Search code examples
pythontext-miningpython-docxdocx2txt

Python get multiple docx file names and extract specific words from the files to generate a dataframe or table


I hope to read multiple word documents (docx files) in a folder and then search a specific word e.g. "laptop" from each of docx file to generate a table or a dataframe.
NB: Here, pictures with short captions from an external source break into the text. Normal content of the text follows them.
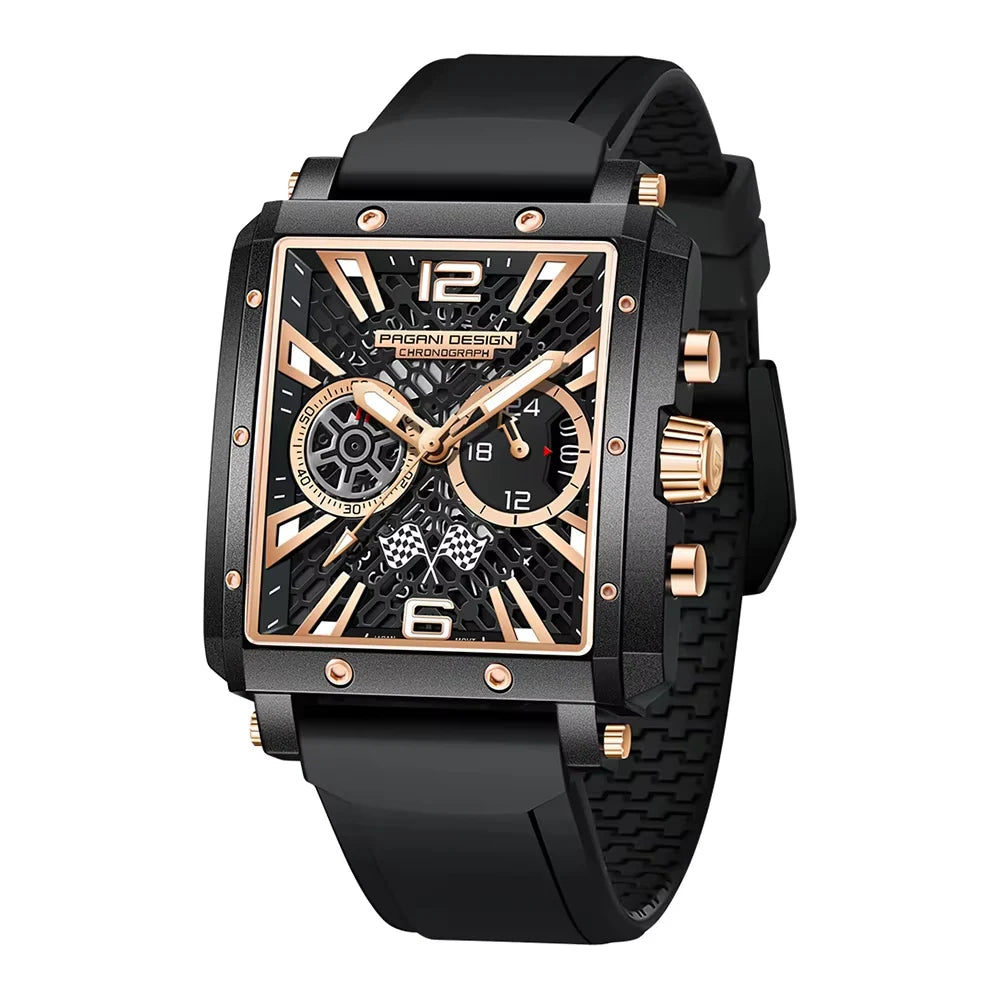 PAGANI DESIGN 42MM Quartz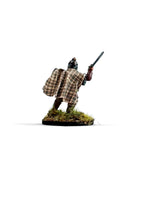 WEAVE OF WAR - BADGERFACE CAMPAIGN CLOAK 2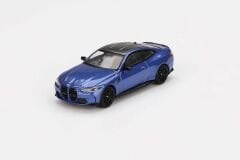Mini GT 1/64 845 BMW M4 Competition (G82) Portimao Blue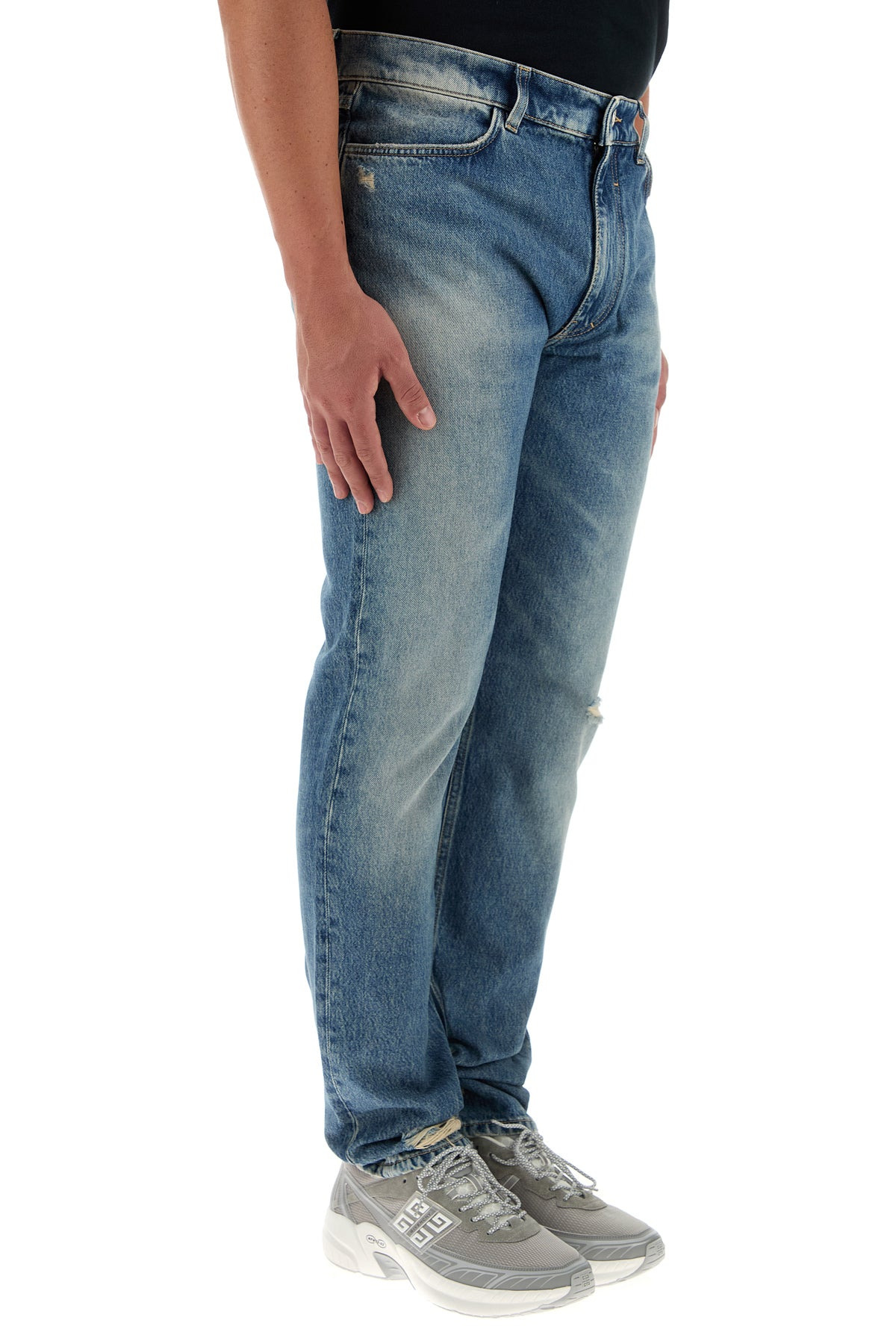 Denim jeans - 3
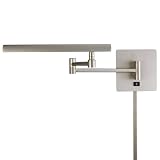 George Kovacs Madake Plug-In Swing Arm Wall Lamp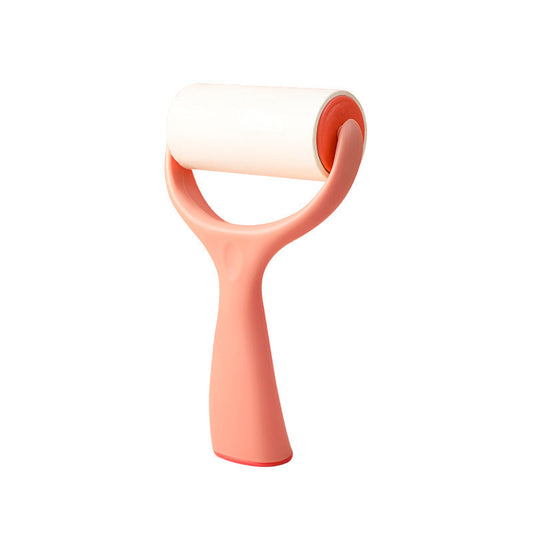 KFX-4732605 Refillable Lint Roller and Fuzz Remover for Effortless Pet Hair and Lint Removal on Fabrics and Furniture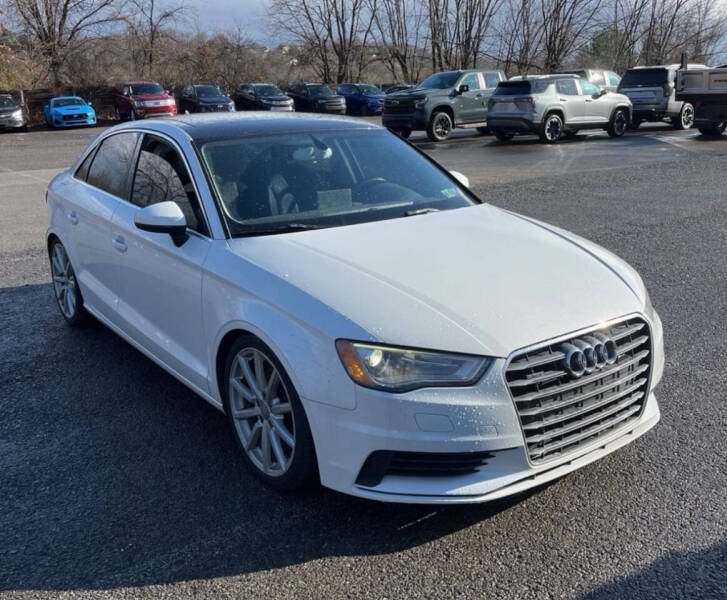2015 Audi A3 2.0T quattro Premium Plus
For instance: in my folder I have file_1.docx, file_2.docx ... file_n.docx, each file may or may not contain work "Laptop". In the end I hope to generate a table like:

FileName          Keyword
file_1.docx       "laptop"
file_2.docx       "laptop"
...

Solution

  • If you are using Python3.X you will need to do

    pip install python-docx

    Not to be confuse with docx as I had some issues using this.

    import os
    from docx import Document
    import pandas as pd
    
    match_word = "laptop"
    match_items = []
    folder = 'C:\\Dev\\Docs'
    file_names = os.listdir(folder)
    file_names = [file for file in file_names if file.endswith('.docx')]
    file_names = [os.path.join(folder, file) for file in file_names]
    
    For file in file_names:
        document = Document(file)
        for paragraph in document.paragraphs:
            if match_word in paragraph.text:
                match_items.append([file, match_word])
    
    the_df = pd.DataFrame(
        match_items,
        columns=['file_name', 'word_match'],
        index=[i[0] for i in match_items]
    )
    
    print(the_df)
    

    Output:

    file_name              word_match
    C:\Dev\Docs\c.docx     laptop